Wayne Newton is telling fans "Danke schoen" after 50 years in Las Vegas and hinting that his latest run could be his last. But the singer synonymous with Sin City says he's leaving himself an opening in case he wants to perform after April.

The man known throughout the world as "Mr. Las Vegas" says retirement is possible, but that decision won't hinge on the success of his new show that opened Wednesday night at the Tropicana Las Vegas hotel-casino on the Las Vegas Strip.

Wayne Newtown's Web site

Instead, he says, it depends on whether his itch to keep working conflicts with his desire to spend more time with his 7-year-old daughter.

"I'm enjoying my second daughter in a way that I didn't get a chance to do the first time around," Newton, 67, told The Associated Press on Wednesday. "The decision that I make, whether or not to perform or retire, will pretty much be based on that."

Newton brought his second-grader home Wednesday night before heading to the Tropicana for the opening night of his latest show, "Once Before I Go."

The show, which Newton says took 2½ months to write, is presented as a live memoir of Newton's life and his career, with never-before-shared insights from Newton about personal episodes along the way.

"It's challenging to keep it entertaining," Newton said. "And that was my first prerequisite."
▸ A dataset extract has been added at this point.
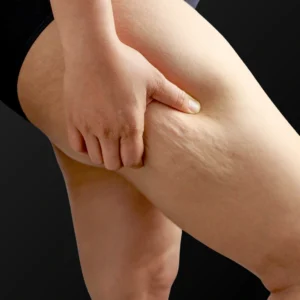 MG Beauty Clinic - Immagini sito shop - Body Shape Pro - trattamento fibrosi localizzata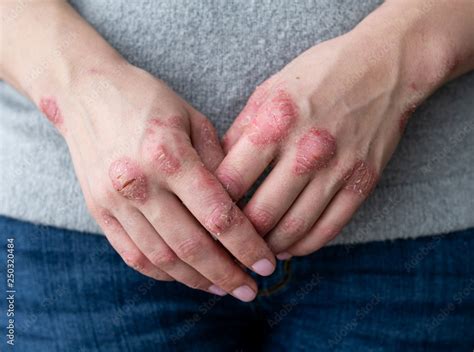 Fotografia Do Stock Cracked Flaky Skin On The Palm Of Your Hand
Wednesday night, Newton told stories about Dean Martin failing to rehearse for a TV duet, Elvis Presley writing a note that inspired the lyrics for "The Letter" and Bobby Darin fighting a publisher to let Newton record his signature tune "Danke Schoen."

Newton told the crowd that it was tough for him to pick highlight songs from a career that includes 165 records.
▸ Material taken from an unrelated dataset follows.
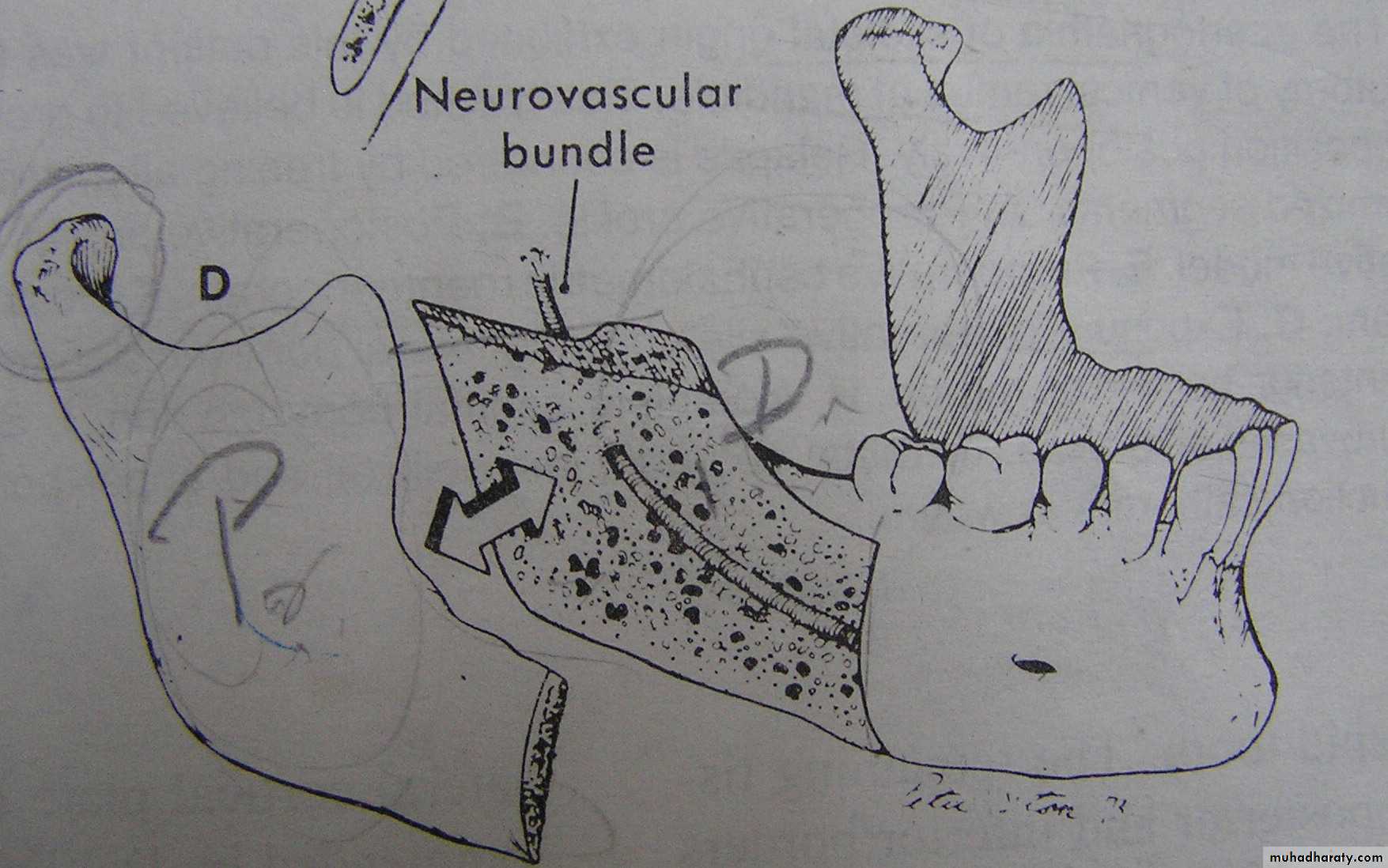 orthognathic surgery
"It would be impossible for me to pick songs from all of them even if I remembered them, which I don't," Newton quipped.

As a youth, Newton and his family lived in Phoenix. Newton's Web site said he suffered from severe asthma and his family relocated to Phoenix from Virginia.

Newton arrived in Las Vegas in 1959, when a two-week tryout at the Fremont Hotel & Casino turned into lounge act of six shows per night, six nights a week for nearly a year. The crooner earned national fame after a 1962 television appearance on "The Jackie Gleason Show," which led to many more singing and acting gigs on TV and in film.

He also headlined at several casinos throughout Sin City, including the New Frontier, which hosted entertainers including Elvis Presley, Ronald Reagan and Siegfried & Roy over its 65 years. The casino was imploded in 2007.

"I've been working since I was four," Newton said. "There really has not been a time in my life that I don't remember working."

Newton said writing "Once Before I Go" has taken a toll on him and will likely be emotional to perform nightly.

"If I still feel like I have something to give when this particular show is over, then I'll make the decision to probably curtail work a little bit but not give it up totally," he told the AP. "If I don't feel that way at the end of this, then I'll probably hang it up."